The rover settled on the planet’s surface on Thursday afternoon. It’s been travelling through space since it was launched from Cape Canaveral, Fla. in July.

“The whole idea of being on a device that we’re sending to another plant with the express mission of looking for traces of past life, it’s pretty mind boggling actually,” said Rafal Pawluczyk, chief technical officer for FiberTech Optica.

The Kitchener-based company made fibre optic cables for the rover’s SuperCam that will examine samples with a camera, laser and spectrometers.

“The cables that we built take the light from that multiplexer and deliver it to each spectrograph,” Pawluczyk said.

The cables connect a device on the rover to the SuperCam, which will be used to examine rock and soil samples, to spectrometers. They’ll relay information from one device to another.

The project started four years ago with a connection to Los Alamos National Lab, where the instruments connected to the cables were developed.

“We could actually demonstrate we can design something that will meet their really hard engineering requirements,” Pawluczyk said.

The Jezero Crater is where the Perseverance rover, with FiberTech Optica’s technology onboard, landed Thursday.
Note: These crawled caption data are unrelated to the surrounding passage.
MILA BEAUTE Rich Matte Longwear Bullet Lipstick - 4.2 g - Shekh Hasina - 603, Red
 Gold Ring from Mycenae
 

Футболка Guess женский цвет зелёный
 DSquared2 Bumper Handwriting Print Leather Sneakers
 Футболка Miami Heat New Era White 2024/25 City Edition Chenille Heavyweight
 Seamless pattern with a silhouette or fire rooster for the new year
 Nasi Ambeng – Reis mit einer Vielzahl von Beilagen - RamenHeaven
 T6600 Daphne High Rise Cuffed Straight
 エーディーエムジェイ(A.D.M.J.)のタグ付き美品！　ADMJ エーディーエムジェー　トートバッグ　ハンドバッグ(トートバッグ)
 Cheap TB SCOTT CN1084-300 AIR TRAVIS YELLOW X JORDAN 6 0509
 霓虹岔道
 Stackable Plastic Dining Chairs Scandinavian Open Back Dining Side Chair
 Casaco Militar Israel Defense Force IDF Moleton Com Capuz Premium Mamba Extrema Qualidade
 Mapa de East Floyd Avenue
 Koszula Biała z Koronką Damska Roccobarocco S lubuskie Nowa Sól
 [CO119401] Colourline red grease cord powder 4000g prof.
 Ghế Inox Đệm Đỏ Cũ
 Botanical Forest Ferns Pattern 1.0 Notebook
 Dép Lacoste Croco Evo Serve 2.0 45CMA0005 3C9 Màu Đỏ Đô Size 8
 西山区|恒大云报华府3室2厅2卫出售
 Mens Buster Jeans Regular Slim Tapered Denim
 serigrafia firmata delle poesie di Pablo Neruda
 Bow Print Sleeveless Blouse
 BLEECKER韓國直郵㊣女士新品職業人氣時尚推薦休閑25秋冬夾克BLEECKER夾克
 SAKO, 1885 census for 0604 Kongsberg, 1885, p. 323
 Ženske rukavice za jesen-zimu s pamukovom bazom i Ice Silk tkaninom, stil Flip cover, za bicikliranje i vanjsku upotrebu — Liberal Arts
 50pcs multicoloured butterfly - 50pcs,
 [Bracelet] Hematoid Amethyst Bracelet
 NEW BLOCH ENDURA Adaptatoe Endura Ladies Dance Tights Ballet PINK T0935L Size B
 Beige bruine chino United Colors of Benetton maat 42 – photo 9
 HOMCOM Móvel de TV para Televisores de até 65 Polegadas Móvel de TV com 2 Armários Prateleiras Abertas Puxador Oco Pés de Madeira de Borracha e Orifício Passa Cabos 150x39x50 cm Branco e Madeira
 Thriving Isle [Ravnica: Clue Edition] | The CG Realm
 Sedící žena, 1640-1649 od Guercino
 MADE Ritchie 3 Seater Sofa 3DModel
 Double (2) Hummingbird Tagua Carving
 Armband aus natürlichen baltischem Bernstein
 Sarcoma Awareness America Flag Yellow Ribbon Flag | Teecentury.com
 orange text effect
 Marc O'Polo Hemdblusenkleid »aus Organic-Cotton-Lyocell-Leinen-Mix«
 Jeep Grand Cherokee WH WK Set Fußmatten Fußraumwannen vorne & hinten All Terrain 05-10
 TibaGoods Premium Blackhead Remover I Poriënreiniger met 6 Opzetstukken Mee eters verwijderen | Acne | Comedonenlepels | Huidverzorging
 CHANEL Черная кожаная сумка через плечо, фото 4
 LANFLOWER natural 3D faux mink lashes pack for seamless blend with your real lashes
Scientists believe it was once flooded with water and is the best bet for finding any evidence of life. FiberTech’s cables will help that in that search.

Ioannis Haranas, an astrophysicist and professor at Wilfrid Laurier University, said the rover isn’t looking for “green men.”

“They’re looking for microbial, single-cell life, any type of fossils and stuff like that,” Haranas said. “That’s why they chose a special landing site. This could be very fertile land for that.”

“It’s very ambitious,” said Ralf Gellert, a physics professor at the University of Guelph.

Gellert helped with previous rover missions and said it’s the first time a Mars rover has landed without a piece of Guelph technology on it. While he’s not part of Perseverance’s mission, he said the possibilities are exciting.

“Every new landing site is a new piece of the puzzle that you can put together with the new results that we have from the other landing sites,” he said.

“It’s scientifically very interesting because, even though we don’t have an instrument on that rover, we can compare what the new rover Perseverance finds at this new landing site,” he said.

Now that Perseverance has landed on Mars, FiberTech is looking ahead to its next possible mission into space.